▶ Description of the task
What you write should be an exact repeat of the lines from the one with "Russia * (D35) - Unused Stamps" through the final line below, minus the pictures.

_ _ _ _ _

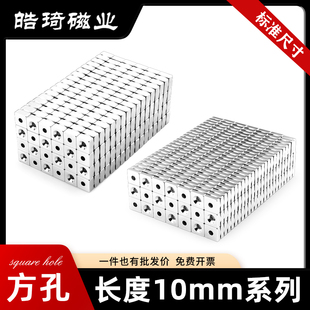 上海皓琦10mm系列N52/N35标准尺寸高性能方形沉孔强磁铁带孔强磁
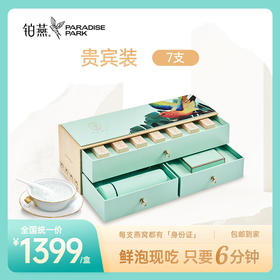 铂燕鲜泡燕窝7支冻干燕窝礼盒即冲即食鲜泡孕妇月子营养品送礼老人长辈父母家长妈妈送丈母娘养生礼盒 铂燕鲜泡燕窝-贵宾装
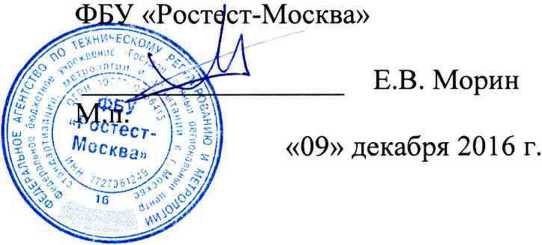 Методика поверки. ГСИ. СИСТЕМА АВТОМАТИЗИРОВАННАЯ ИНФОРМАЦИОННО-ИЗМЕРИТЕЛЬНАЯ КОММЕРЧЕСКОГО УЧЕТА ЭЛЕКТРОЭНЕРГИИ (АИИС КУЭ) ПС 220 кВ ЦЕНТРОЛИТ. ОЕИ Аналитика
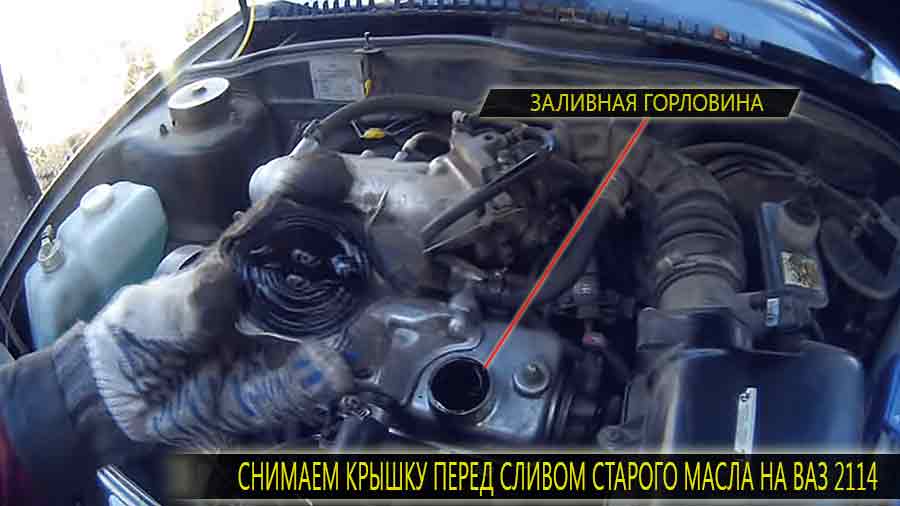 Откручиваем пробку заливной горловины для лучшего стека старого масла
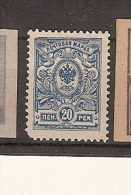 Russia * (D35) - Unused Stamps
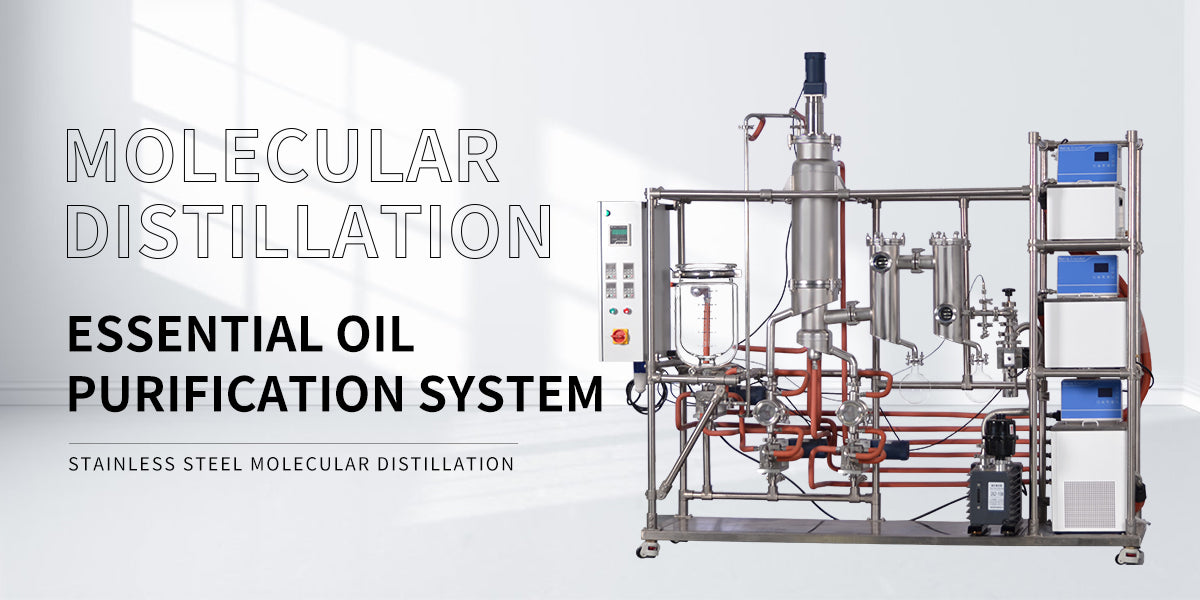 High purity buy short path molecular distillation industrial machine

_ _ _ _ _

▶ Finished task
 Russia * (D35) - Unused Stamps
 High purity buy short path molecular distillation industrial machine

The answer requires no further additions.